Thanissaro Bhikkhu (Geoffrey DeGraff) (1949 – ) is an American Buddhist monk of the Thai forest kammathana tradition. After graduating from Oberlin College in 1971 with a degree in European Intellectual History, he traveled to Thailand, where he studied meditation under Ajaan Fuang Jotiko, himself a student of the late Ajaan Lee. He ordained in 1976 and lived at Wat Dhammasathit, where he remained following his teacher’s death in 1986. In 1991 he traveled to the hills of San Diego County, USA, where he helped Ajaan Suwat Suwaco establish Wat Mettavanaram (Metta Forest Monastery). He was made abbot of the monastery in 1993. His long list of publications includes translations from Thai of Ajaan Lee’s meditation manuals; Handful of Leaves, a four-volume anthology of sutta translations; The Buddhist Monastic Code, a two-volume reference handbook for monks; Wings to Awakening; and (as co-author) the college-level textbook Buddhist Religions: A Historical Introduction.
Thanissaro Bhikkhu Quotes
- Another example of an analogy drawn from modern science is the term “holographic,” which I have used to describe some formulations of the Buddhist path. When a hologram is made of an object, an image of the entire object — albeit fairly fuzzy — can be made from even small fragments of the hologram. In the same way, some formulations of the path contain a rough version of the entire path complete in each individual step. In my search for an adjective to describe such formulations, “holographic” seemed the best choice.

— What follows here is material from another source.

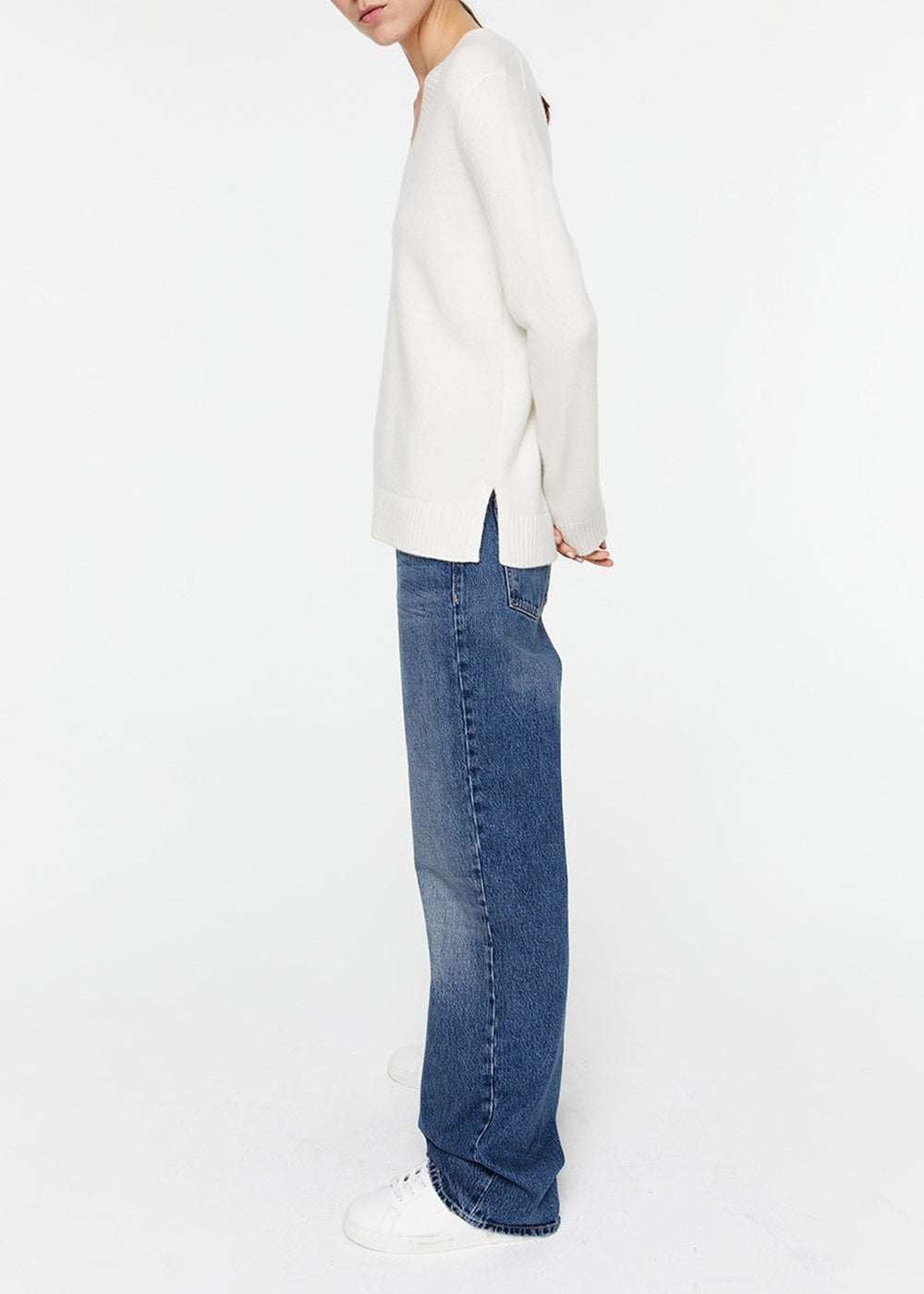 V-neck cashmere jumper - Off-white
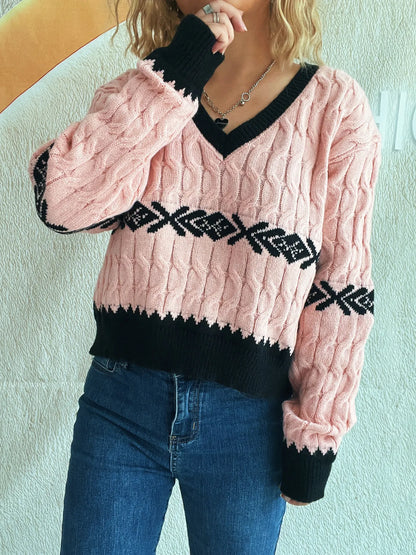 Cable Knit V-Neck Sweater - Tigbul's Variety Fashion Shop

- Because the Buddha saw how these enlightened qualities of wisdom, compassion, and purity could be developed through the pursuit of happiness, he never told his followers to practice his teachings without expecting any gain in return. He understood that such a demand would create an unhealthy dynamic in the mind. In terms of Western psychology, expecting no gain in return would give license for the super‐ego to run amok. Instead, the Buddha taught that even the principle of renunciation is a trade. You exchange candy for gold, trading lesser pleasures for greater happiness. So he encouraged people to be generous with their time and belongings because of the inner rewards they would receive in return.
- Show your thoughts who’s boss.
- All cultures are tied up in the limited, conditioned side of things, while the Buddha’s Awakening points beyond all cultures. It offers the challenge of the Deathless that his contemporaries found liberating and that we, if we are willing to accept the challenge, may find liberating ourselves.
- In our culture… people who don’t submit to their lust are said to be repressed and have all kinds of warped beasts in the basement. So the part of the mind that thrives when it’s freed from lust doesn’t get a chance. It gets pushed into the corner of the basement. It becomes the repressed part.